WORK INSTRUCTION
Please transcribe exactly, and only, the lines of the data below between the line holding "Renault (Samsung) QM5 2014 2.0 автомат (гидро), фото 15 Renault" and the line holding "NIKE V2K RUNTEKK | LIGHT BROWN premium (8)", inclusive.

PROVIDED MATERIAL
Start of Block

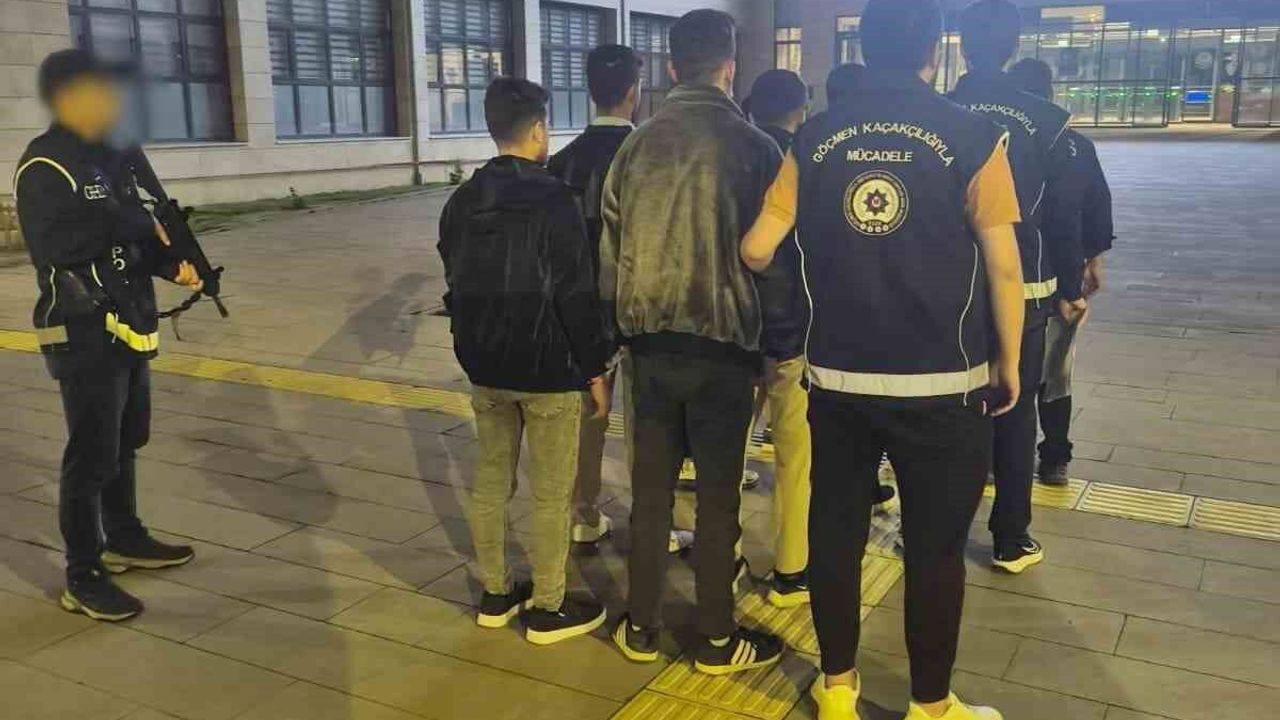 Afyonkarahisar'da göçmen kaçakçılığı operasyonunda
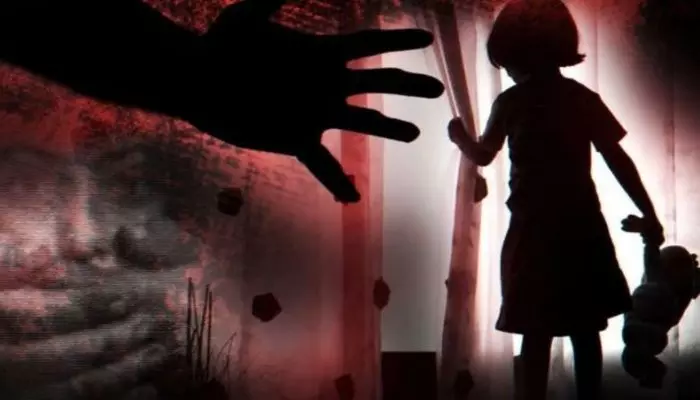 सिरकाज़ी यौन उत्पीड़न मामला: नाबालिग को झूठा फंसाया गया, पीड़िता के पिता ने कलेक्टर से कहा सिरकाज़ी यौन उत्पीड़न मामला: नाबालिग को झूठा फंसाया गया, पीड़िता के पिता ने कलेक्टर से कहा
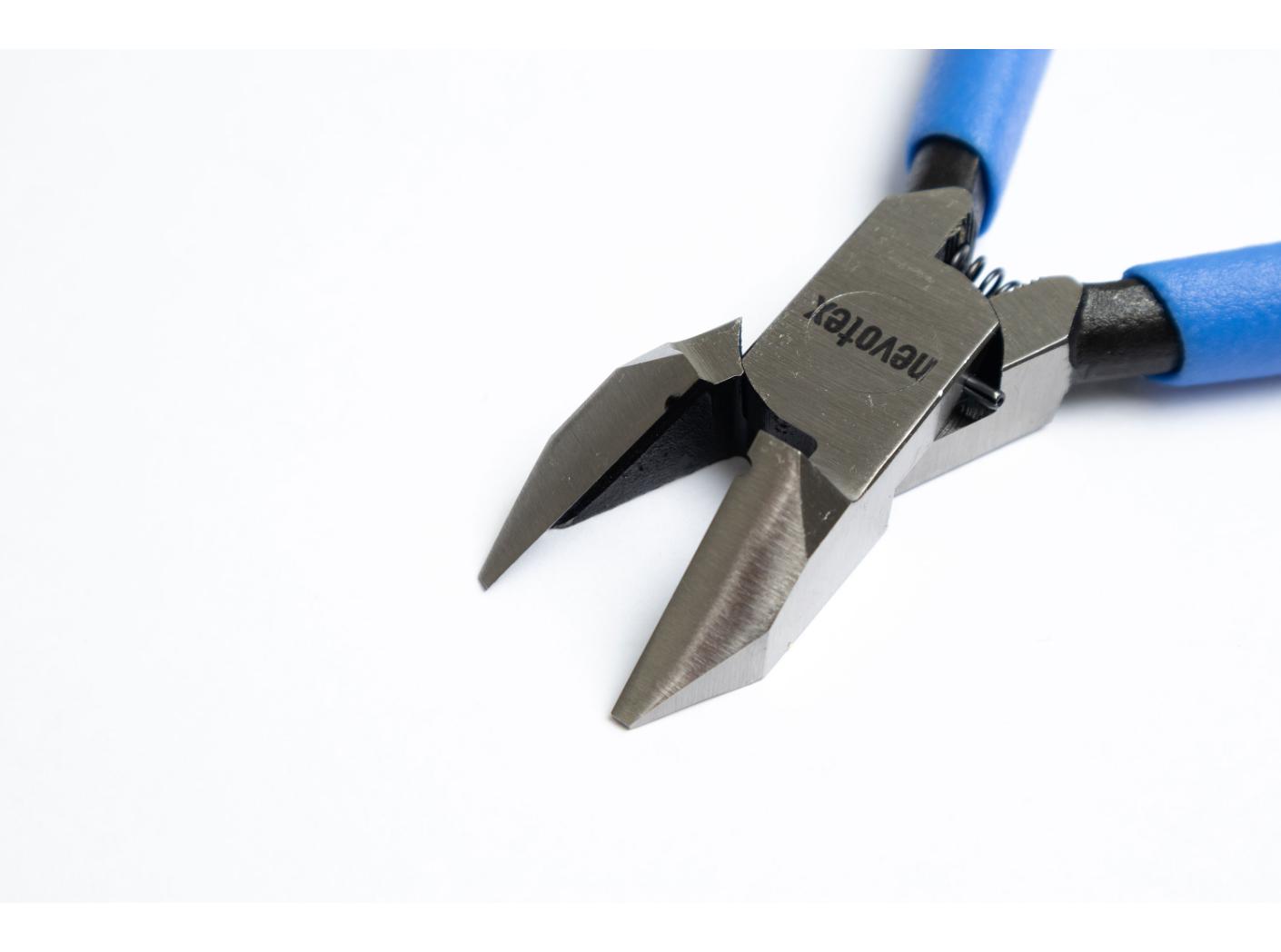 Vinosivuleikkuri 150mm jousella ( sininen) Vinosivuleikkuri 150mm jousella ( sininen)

End of Block
Start of Block

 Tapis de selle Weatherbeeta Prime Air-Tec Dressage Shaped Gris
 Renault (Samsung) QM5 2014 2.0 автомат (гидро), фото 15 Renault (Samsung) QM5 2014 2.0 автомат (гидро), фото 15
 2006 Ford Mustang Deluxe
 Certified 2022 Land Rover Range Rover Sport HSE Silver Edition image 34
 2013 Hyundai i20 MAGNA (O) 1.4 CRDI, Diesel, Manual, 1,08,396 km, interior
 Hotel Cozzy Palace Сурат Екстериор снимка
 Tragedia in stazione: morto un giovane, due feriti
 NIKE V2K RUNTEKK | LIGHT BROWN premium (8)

End of Block

TASK RESPONSE
 Renault (Samsung) QM5 2014 2.0 автомат (гидро), фото 15 Renault (Samsung) QM5 2014 2.0 автомат (гидро), фото 15
 2006 Ford Mustang Deluxe
 Certified 2022 Land Rover Range Rover Sport HSE Silver Edition image 34
 2013 Hyundai i20 MAGNA (O) 1.4 CRDI, Diesel, Manual, 1,08,396 km, interior
 Hotel Cozzy Palace Сурат Екстериор снимка
 Tragedia in stazione: morto un giovane, due feriti
 NIKE V2K RUNTEKK | LIGHT BROWN premium (8)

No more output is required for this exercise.